Without including any pictures, write out the data below exactly.

- PROVIDED DATA
++++++++++++++++++++
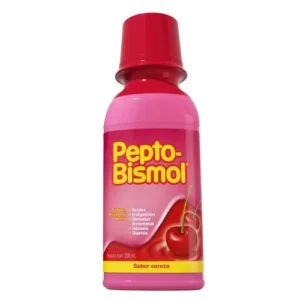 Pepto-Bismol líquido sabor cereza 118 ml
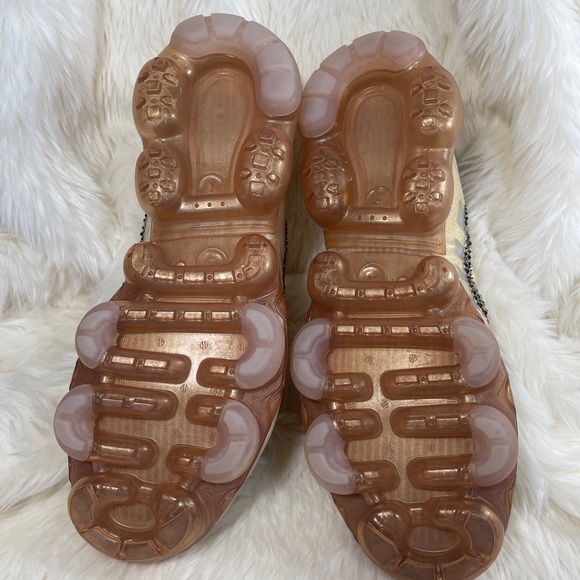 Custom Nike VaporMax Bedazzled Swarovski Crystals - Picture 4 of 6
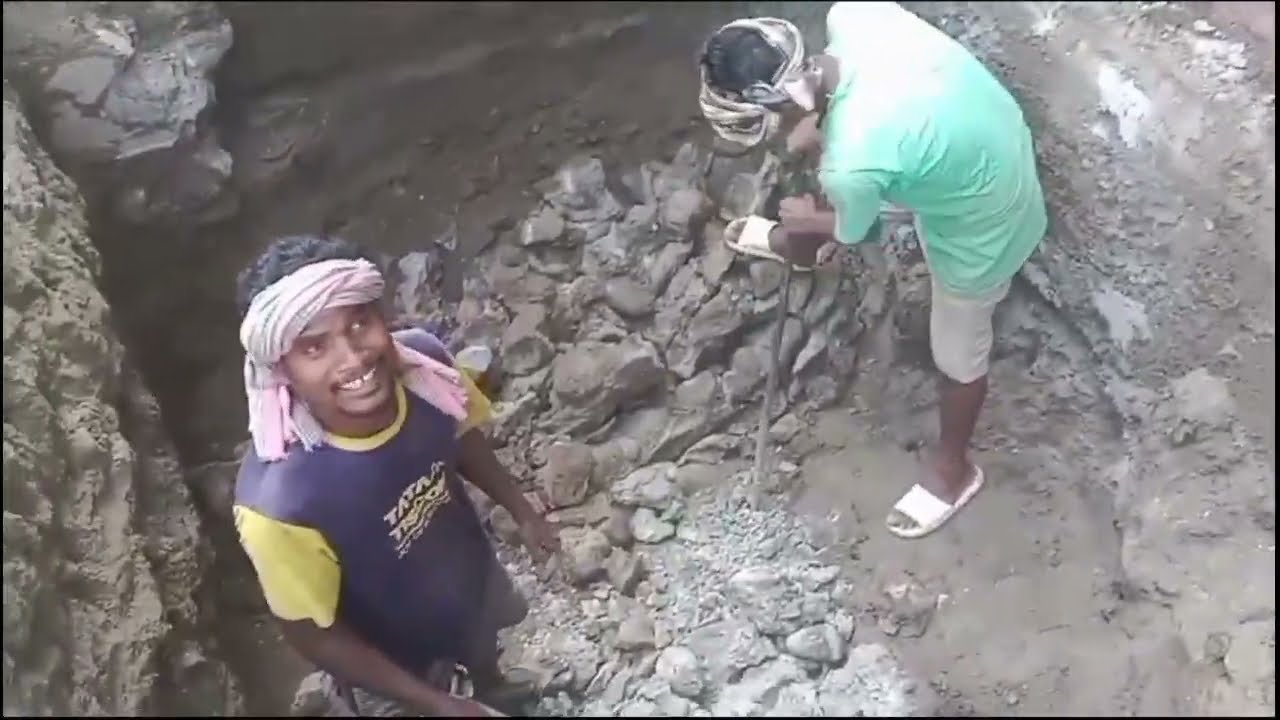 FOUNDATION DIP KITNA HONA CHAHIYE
++++++++++++++++++++
- SOLUTION
 Pepto-Bismol líquido sabor cereza 118 ml
 Custom Nike VaporMax Bedazzled Swarovski Crystals - Picture 4 of 6
 FOUNDATION DIP KITNA HONA CHAHIYE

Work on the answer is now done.